Some people wake up early like clockwork with a chipper attitude and are eager to start the day. Then there those who have a bit of a slower start, but stay up till the wee hours claiming they’re most productive at night. Sound familiar?
It turns out those waking habits may be embedded in our genes, and scientists have divided them into two categories: “lark” genes in morning people, and “owl” genes in night people.
A team of Mass General researchers, led by Richa Saxena, PhD, in partnership with researchers from the University of Exeter Medical School, published a study in Nature Communications that uncovered more genetic links to circadian rhythms and waking time. They found that people with lark genes may have lower rates of depression when compared to people with owl genes.
What is Your Circadian Rhythm?
Circadian rhythm is a vital cycle that occurs in most living organisms, and it affects number of biological and behavioral processes within the body such as hormonal changes, body temperature and sleeping patterns. Certain genes linked to circadian rhythm have also been tied to certain metabolic and psychiatric disorders.
What the Research Team Found
To gain a deeper understanding of how our genes relate to circadian rhythms and health, Mass General and Exeter researchers used analyzed the genomes of almost 700,000 people from the UK Biobank and 23andMe.
The researchers compared lark and owl gene variants to waking times recorded using activity monitor data from the UK Biobank and a self-reported survey of sleeping and wakeup times. Their analysis increased the number of known loci (the areas of a chromosome where specific genes are found) over tenfold, from 24 to 351.
They found that a number of genes affect what time a person sleeps and wakes up, with the waking times of those with the most lark alleles (gene variants associated with early rising) being shifted an average of 25 minutes earlier than those with the fewest. But investigators also found correlations between these genes and the presence of psychiatric traits.
Connections to Schizophrenia and Depression
The most genetically correlated trait was overall subjective wellbeing, which was positively associated with being a morning person and having lark genes. Being a morning person was also negatively associated with psychiatric traits for disorders like schizophrenia and major depressive disorder.

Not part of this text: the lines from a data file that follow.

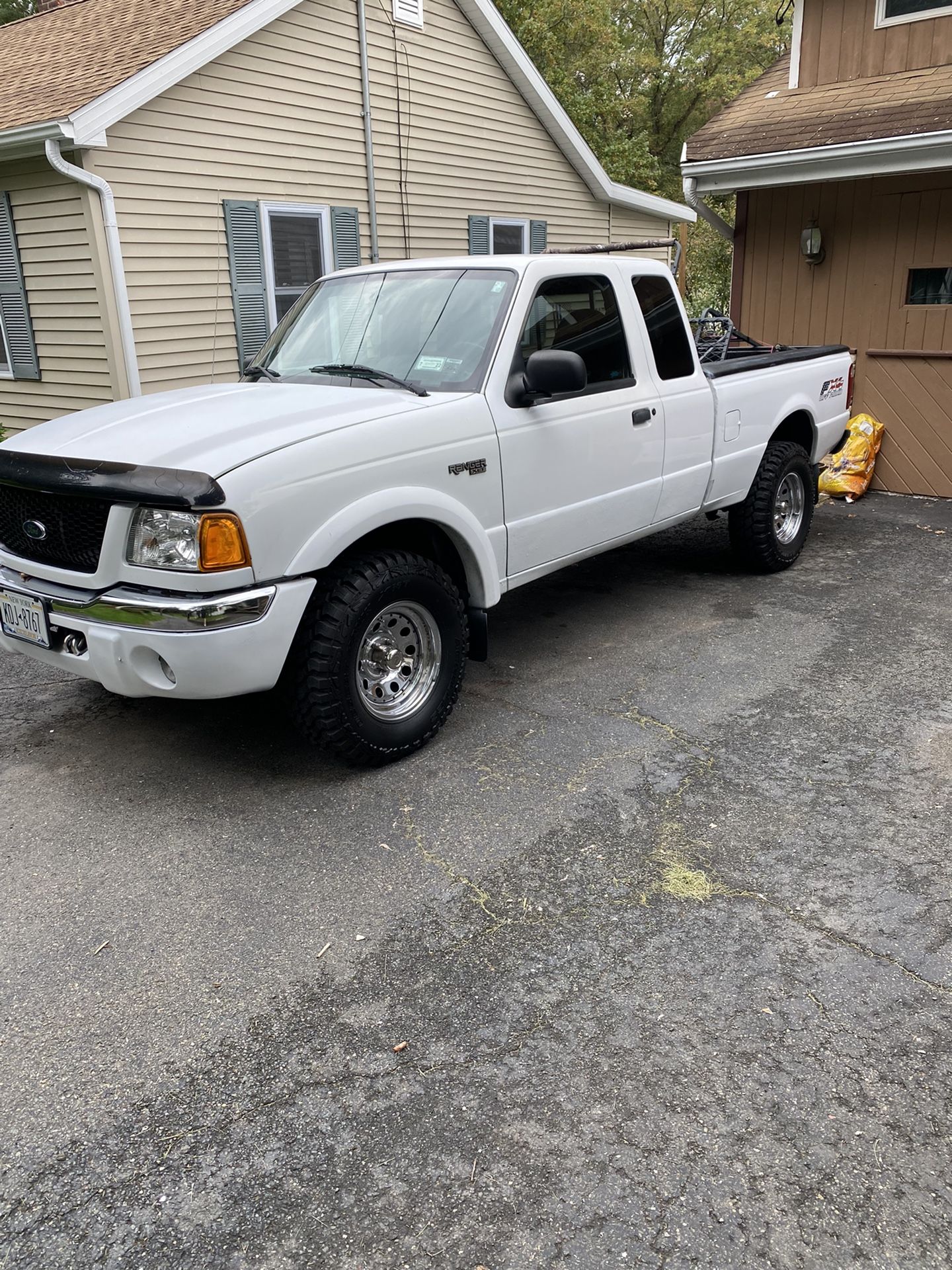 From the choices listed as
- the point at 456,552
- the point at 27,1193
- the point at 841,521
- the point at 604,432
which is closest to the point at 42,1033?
the point at 27,1193

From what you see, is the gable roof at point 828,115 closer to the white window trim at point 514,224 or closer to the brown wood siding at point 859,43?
the brown wood siding at point 859,43

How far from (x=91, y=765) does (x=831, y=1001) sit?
307cm

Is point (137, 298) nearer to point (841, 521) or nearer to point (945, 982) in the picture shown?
point (841, 521)

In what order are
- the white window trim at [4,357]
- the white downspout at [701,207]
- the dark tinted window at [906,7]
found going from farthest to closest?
the white window trim at [4,357] → the white downspout at [701,207] → the dark tinted window at [906,7]

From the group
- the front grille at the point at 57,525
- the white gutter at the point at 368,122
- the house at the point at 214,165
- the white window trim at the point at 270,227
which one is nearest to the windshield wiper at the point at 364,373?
the front grille at the point at 57,525

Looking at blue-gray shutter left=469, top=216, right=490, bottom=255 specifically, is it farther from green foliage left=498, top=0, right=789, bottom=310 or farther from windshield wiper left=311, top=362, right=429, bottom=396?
green foliage left=498, top=0, right=789, bottom=310

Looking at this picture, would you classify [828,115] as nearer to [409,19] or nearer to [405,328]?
[409,19]

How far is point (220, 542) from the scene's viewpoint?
11.2 ft

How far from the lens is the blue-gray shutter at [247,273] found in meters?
9.76

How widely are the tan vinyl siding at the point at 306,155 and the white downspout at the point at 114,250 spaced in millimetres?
124

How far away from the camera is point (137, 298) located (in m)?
8.95

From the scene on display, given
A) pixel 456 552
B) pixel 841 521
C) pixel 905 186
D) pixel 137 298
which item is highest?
pixel 905 186

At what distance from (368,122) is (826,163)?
5140 mm

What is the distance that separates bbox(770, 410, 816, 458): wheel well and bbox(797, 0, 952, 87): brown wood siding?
4384mm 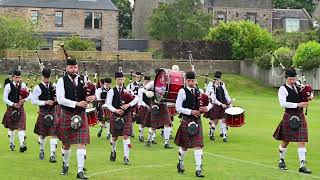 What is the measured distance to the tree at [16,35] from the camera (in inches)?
1944

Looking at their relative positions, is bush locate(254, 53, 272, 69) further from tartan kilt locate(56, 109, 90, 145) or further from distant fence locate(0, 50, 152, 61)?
tartan kilt locate(56, 109, 90, 145)

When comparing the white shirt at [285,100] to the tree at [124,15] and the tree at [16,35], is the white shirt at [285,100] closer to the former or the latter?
the tree at [16,35]

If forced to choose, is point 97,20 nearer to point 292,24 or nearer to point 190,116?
point 292,24

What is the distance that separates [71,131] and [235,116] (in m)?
6.77

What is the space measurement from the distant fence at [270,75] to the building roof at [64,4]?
1648cm

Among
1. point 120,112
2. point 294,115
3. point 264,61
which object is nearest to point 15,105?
point 120,112

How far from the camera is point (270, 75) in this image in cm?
4575

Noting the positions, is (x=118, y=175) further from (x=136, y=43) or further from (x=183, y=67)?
(x=136, y=43)

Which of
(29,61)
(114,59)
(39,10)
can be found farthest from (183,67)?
(39,10)

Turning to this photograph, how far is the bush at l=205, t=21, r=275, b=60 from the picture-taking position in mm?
50409

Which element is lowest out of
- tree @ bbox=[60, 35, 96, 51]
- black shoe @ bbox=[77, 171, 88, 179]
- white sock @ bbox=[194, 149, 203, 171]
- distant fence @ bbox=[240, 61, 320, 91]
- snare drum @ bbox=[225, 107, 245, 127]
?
black shoe @ bbox=[77, 171, 88, 179]

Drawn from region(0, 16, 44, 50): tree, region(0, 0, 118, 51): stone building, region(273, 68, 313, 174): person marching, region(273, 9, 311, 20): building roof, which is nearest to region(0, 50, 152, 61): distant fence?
region(0, 16, 44, 50): tree

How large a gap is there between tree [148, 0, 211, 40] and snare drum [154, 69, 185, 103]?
4729 cm

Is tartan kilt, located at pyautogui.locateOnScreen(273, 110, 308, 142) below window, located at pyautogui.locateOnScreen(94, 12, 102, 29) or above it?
below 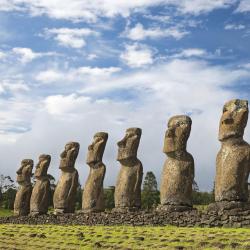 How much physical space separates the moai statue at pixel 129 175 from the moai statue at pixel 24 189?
10.9 m

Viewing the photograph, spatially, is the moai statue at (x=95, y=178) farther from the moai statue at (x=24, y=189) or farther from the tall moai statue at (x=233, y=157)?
the tall moai statue at (x=233, y=157)

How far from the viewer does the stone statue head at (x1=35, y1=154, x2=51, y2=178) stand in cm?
3241

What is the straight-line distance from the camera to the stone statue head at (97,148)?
2747 cm

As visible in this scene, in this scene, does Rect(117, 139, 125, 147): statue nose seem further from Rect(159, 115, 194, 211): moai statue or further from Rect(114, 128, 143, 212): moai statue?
Rect(159, 115, 194, 211): moai statue

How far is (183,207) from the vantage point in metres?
20.6

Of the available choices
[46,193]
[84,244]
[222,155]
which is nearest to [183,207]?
[222,155]

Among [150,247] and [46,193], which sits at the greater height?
[46,193]

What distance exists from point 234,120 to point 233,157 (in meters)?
1.36

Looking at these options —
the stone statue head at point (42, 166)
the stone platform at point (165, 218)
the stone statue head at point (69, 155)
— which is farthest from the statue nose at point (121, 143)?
the stone statue head at point (42, 166)

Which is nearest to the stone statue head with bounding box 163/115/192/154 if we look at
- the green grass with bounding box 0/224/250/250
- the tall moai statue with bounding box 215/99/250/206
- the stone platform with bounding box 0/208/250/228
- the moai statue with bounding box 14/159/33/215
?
the tall moai statue with bounding box 215/99/250/206

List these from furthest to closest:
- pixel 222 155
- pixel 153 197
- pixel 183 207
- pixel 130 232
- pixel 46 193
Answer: pixel 153 197 → pixel 46 193 → pixel 183 207 → pixel 222 155 → pixel 130 232

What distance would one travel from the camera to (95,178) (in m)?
27.0

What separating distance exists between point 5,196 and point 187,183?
166 ft

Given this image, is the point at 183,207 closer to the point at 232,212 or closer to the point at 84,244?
the point at 232,212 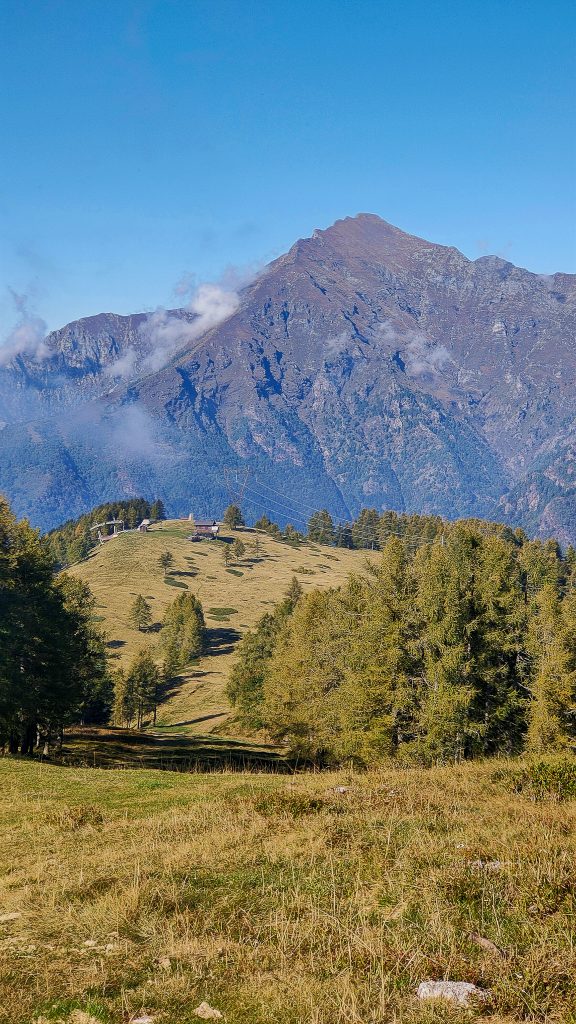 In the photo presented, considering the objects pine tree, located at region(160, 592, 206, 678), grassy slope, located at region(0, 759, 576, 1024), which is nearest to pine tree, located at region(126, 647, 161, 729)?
pine tree, located at region(160, 592, 206, 678)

This means that morning people tend to be happier and have a lower likelihood of experiencing schizophrenia and depression, relatively speaking.
Genetic insights are not always black and white, however, and the results cannot establish a causal relationship. For example, individuals with schizophrenia may tend to go to be later than healthy individuals, but that does not mean their condition is caused by their sleep habits.
But researchers are hopeful studies like these can provide insight into circadian biology and its links to human disease.
“This study highlights the power of teamwork and large-scale human genetics to reveal new aspects of the biology and health implications of our body clocks. The results will also allow researchers to explore more deeply how living in conflict with our individual internal time can lead to poorer health and may point to future individualized intervention strategies.”Richa Saxena, PhD
Richa Saxena, PhD, is an Assistant Investigator in the Center for Genomic Medicine at Massachusetts General Hospital, an Assistant Professor of Anesthesia at Harvard Medical School and a Phyllis and Jerome Lyle Rappaport MGH Research Scholar 2016-2021.